Soon after, West Bay asked Upham if she would organize a meeting with all of the state’s legislators, so she sent additional letters to the remaining senators and representatives.

“Individuals like Stacy gave benefited from quality care…and flourished in a non-institutional setting,” Upham’s letter reads. “Up to now, the level of funding has afforded individuals like Stacy a life that would otherwise not be possible.”

So far, nine legislators from the Warwick area have responded to Ferri’s invitation and will attend a gathering this Thursday at 6 p.m. at West Bay Residential Services’ office on Knight Street.

“I want it to be very positive,” said Upham.

“It will be emotional,” said Ferri, who is looking forward to hearing their stories first hand before deliberating on the budget next session.

The pair plans to dedicate the first half of the meeting to the families, allowing them to speak and share their stories. The second half will be a question and answer period for both the families and legislators. They expect the gathering to last roughly 90 minutes.

Upham hopes that the legislators will take the family’s stories to heart. She hopes they will enter the next session more informed about the cause.

“The staff hasn’t had a raise in year,” said Upham. “Some of them are making $10 an hour. How do you live on that? You have to see what these people do. It’s totally amazing. I want people to realize what these staff do for my daughter.”

Stacy lives at one of West Bay Residential’s homes in Coventry, and while her housing hasn’t been affected, her staffing has been cut.

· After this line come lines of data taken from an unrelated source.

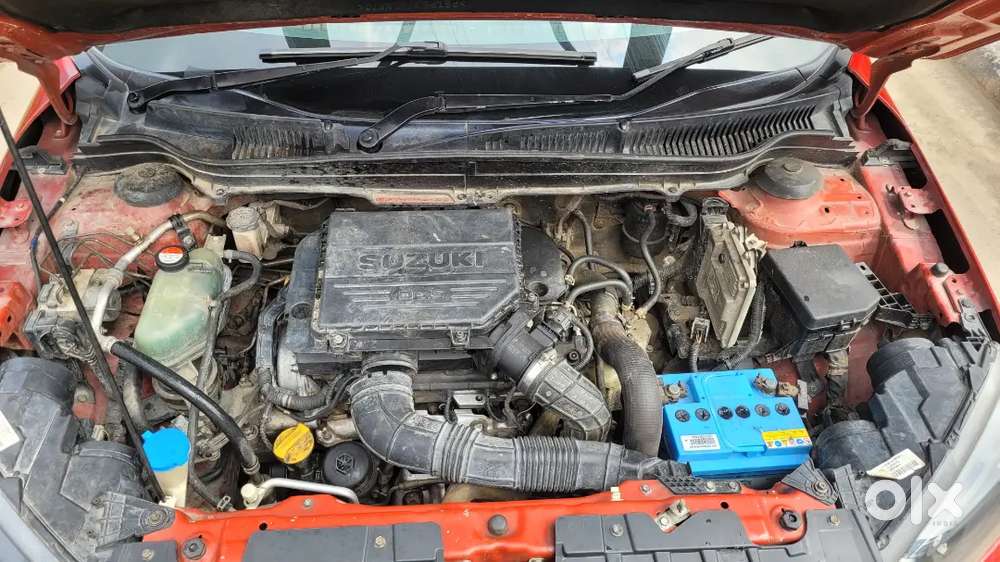 Maruti Vitara Brezza 2018 (automatic)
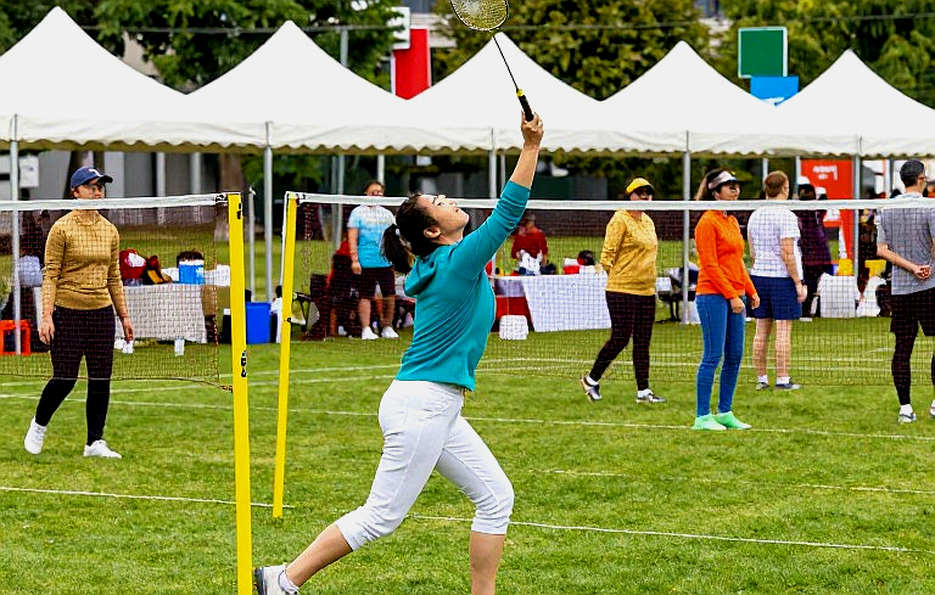 Asiad 2026: Ấn Độ thắng Bangladesh 3-0, vào tứ kết cầu lông đồng đội nam Asiad 2026: Ấn Độ thắng Bangladesh 3-0, vào tứ kết cầu lông đồng đội nam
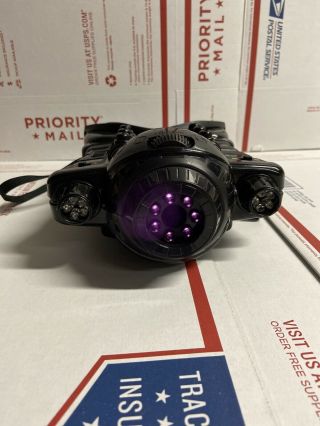 Jakks Pacific Eyeclops Night Vision Binoculars Stealth Goggles,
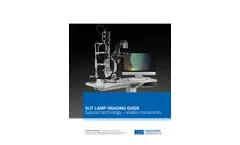 Haag-Streit - Slit Lamp Imaging - Guide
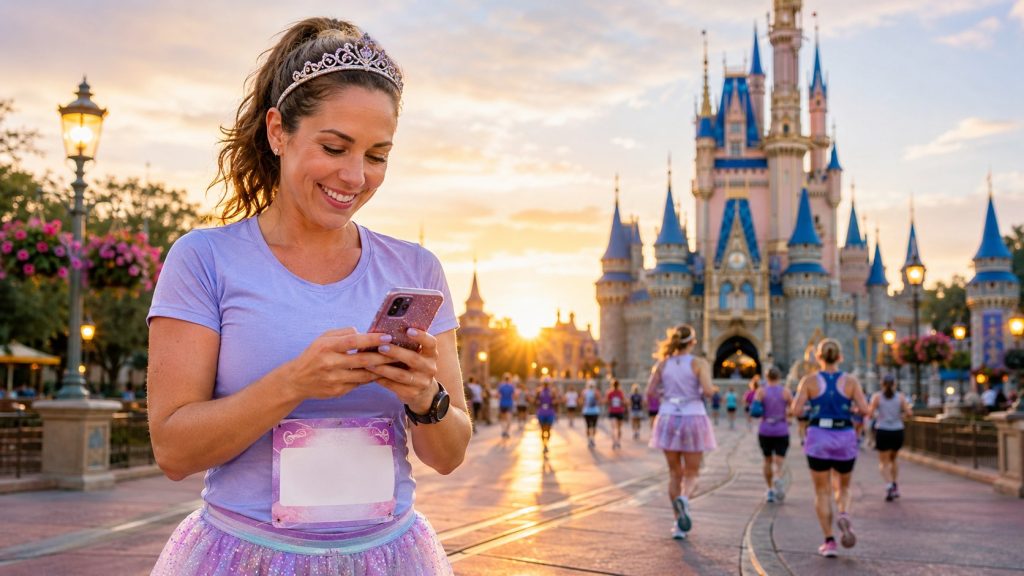 Disney Princess Half Marathon Weekend registration opens June 2, 2026. See 2027 dates, prices, race options, proof of time rules and queue tips.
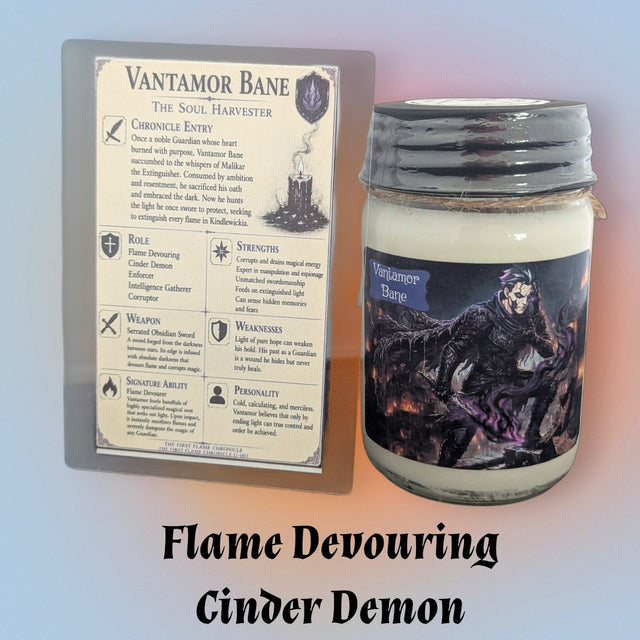 Vantamor Bane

Upham worries the lessened time Stacy spends interacting with others and staying busy will be detrimental to her daughter’s happiness.

“For my daughter it’s a big deal. She’s so behavioral, if she’s not busy, she’s not happy.”

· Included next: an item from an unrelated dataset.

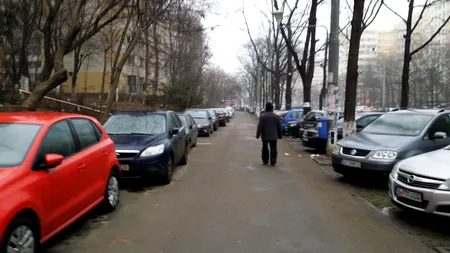 Prognoză METEO SPECIALĂ pentru București. Rafalele de vânt ajung la 55-60 km/h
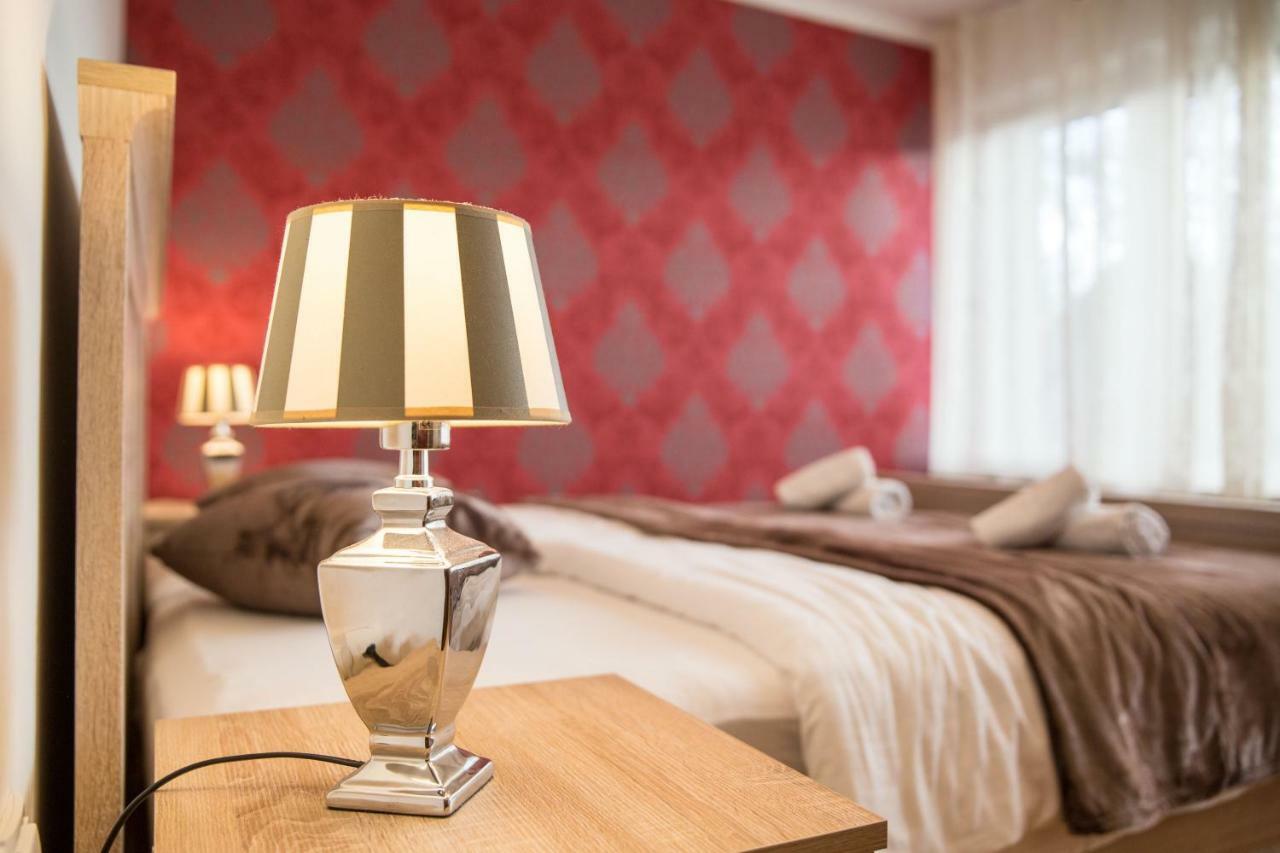 Vacation House Artorius Любляна Экстерьер фото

The cuts passed in 2011 that went fully into effect on Oct. 1 slashed budgets to agencies that aid the developmentally disabled by $24 million. Many agencies have responded by not re-hiring staff due to attrition, cutting day programs and consolidating housing.

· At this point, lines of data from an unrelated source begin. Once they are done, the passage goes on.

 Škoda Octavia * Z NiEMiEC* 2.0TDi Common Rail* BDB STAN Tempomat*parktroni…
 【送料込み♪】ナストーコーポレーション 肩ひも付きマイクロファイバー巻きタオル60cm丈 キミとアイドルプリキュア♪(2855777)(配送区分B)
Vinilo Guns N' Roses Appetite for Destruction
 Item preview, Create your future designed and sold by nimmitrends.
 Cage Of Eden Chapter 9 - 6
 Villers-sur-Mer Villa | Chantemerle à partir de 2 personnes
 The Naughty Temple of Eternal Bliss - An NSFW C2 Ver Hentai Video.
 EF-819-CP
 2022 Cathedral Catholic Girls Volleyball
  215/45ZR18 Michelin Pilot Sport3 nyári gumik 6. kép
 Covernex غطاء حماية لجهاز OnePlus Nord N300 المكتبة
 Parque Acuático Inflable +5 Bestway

“I’m wondering if they had all the facts,” said Upham of the General Assembly’s decision last year.

“As a legislator, you’re supposed to be open to the whole story. But we have budget constraints,” said Ferri. “We have to spend the state’s money as efficiently as possible.”

But Ferri isn’t discounting the possibility that these cuts are a result of misspending elsewhere.

Ferri said the numbers are often a tough issue to tackle, and throughout the process of voting on a budget, many facts and figures get tossed around.

“As we know from the pension, people throw out numbers all the time, and you don’t know whether they’re the right numbers. People use numbers to support their side.”

Ferri told Upham that legislators may want to hear alternatives to budget cuts, and Upham thinks better statewide regulations of agency spending and services would help. Ferri agreed, saying that efficiency is an important part of budgeting, especially in a time of economic instability.

“We’ve taken on the pensions,” Ferri said, “But it doesn’t mean we still don’t have a crisis going on.”

Ferri said the state is headed in the right direction, and if things continue moving forward, agencies like West Bay won’t see further cuts.

“We don’t want to see the Ladd School come back,” said Upham, who fears that could happen if further cuts continue.

Upham hopes that Thursday’s meeting will be informative, and restorative.

“I hope they reinstate the money, or at least don’t cut it again. They’ve got to give some of it back,” said Upham.

But Ferri isn’t so sure that will happen.

“For this budget that we’re in now I don’t think anything can be restored,” he said.